Two hundred and seventy patients were enrolled (137 non-fixating vs 133 self-fixating). Preoperatively, there was no difference in mean age, BMI, or median hernia duration between groups (57.9 vs 56.6 years, p = 0.550; 26.1 vs 26.8, p = 0.534; 3.0 vs 3.0 months, p = 0.846). Median operative times (34 vs 34 min, p = 0.545) and LOS were similar. More patients in the non-fixating group received tacks (43 vs 19, p = 0.001). Patients receiving non-fixating mesh recorded better mean SOMS scores for the first 3 days following surgery (Day 1: p = 0.005; Day 2: p = 0.002; Day 3: p = 0.024, Table 1) indicating less pain. No differences in pain were seen 3 weeks or 1 year postoperatively. There were zero recurrences found during clinical follow-up in either of the groups.
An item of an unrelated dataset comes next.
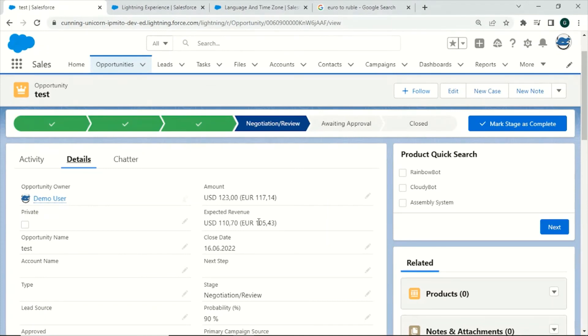This was everything you need to learn about currency management in Salesforce. If you have any questions, feel free to let me know in the comments.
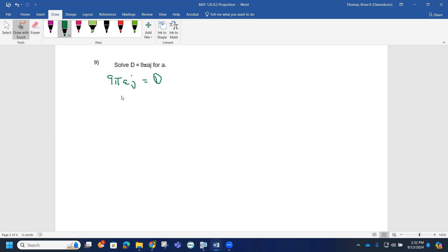Essentially, 9πj times a equals D. The 9πj is actually considered a coefficient, if you will, since it's all connected by multiplication.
Patients receiving self-fixating mesh report worse postoperative pain in the first 2-3 days than those receiving non-fixating mesh. The groups showed no differences across QoL metrics (SOMS and CCS) at 3 weeks or 1 year postoperatively. Self-fixating mesh does not appear to positively impact QoL after TEP LIHR.
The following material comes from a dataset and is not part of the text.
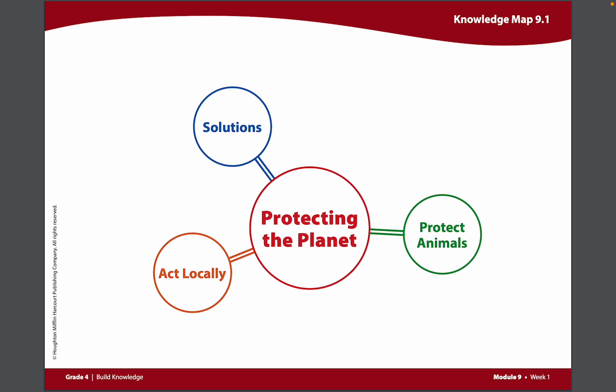A persuasive text tells the reader what the author wants them, as the reader, to do, think, or feel.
目前尚不清楚腹腔镜腹股沟疝修补术(LIHR)中使用自固定网片是否会影响术后生活质量(QoL)。我们假设在完全腹膜外(TEP)LIHR 中接受自固定网片的患者与接受非固定网片的患者相比,疼痛更少,生活质量更高。
一项经 IRB 批准的单盲随机对照试验。将原发性单侧腹股沟疝患者随机分为非固定(对照组)或自固定网片组。LIHR 后 3 周和 1 年进行临床随访。使用经过验证的手术结果测量系统(SOMS)仪器评估患者术前和术后的 QoL,并在术后 3 周和 1 年使用卡罗莱纳舒适度量表(CCS)进行评估。使用卡方检验、Wilcoxon 秩和检验或独立样本 t 检验比较自固定网片组和非固定网片组之间的差异。
共纳入 270 例患者(非固定组 137 例,自固定组 133 例)。术前两组患者的平均年龄、BMI 或中位疝持续时间无差异(57.9 岁 vs 56.6 岁,p=0.550;26.1 岁 vs 26.8 岁,p=0.534;3.0 个月 vs 3.0 个月,p=0.846)。中位手术时间(34 分钟 vs 34 分钟,p=0.545)和 LOS 相似。非固定组中更多的患者使用了钉(43 例 vs 19 例,p=0.001)。接受非固定网片的患者在术后前 3 天的 SOMS 评分平均更高(第 1 天:p=0.005;第 2 天:p=0.002;第 3 天:p=0.024,表 1),提示疼痛较轻。术后 3 周和 1 年时疼痛无差异。两组在临床随访中均未发现复发。
与接受非固定网片的患者相比,接受自固定网片的患者在术后第 2-3 天报告的疼痛更严重。两组在术后 3 周和 1 年的 QoL 指标(SOMS 和 CCS)上均无差异。在 TEP LIHR 后,自固定网片似乎不会对 QoL 产生积极影响。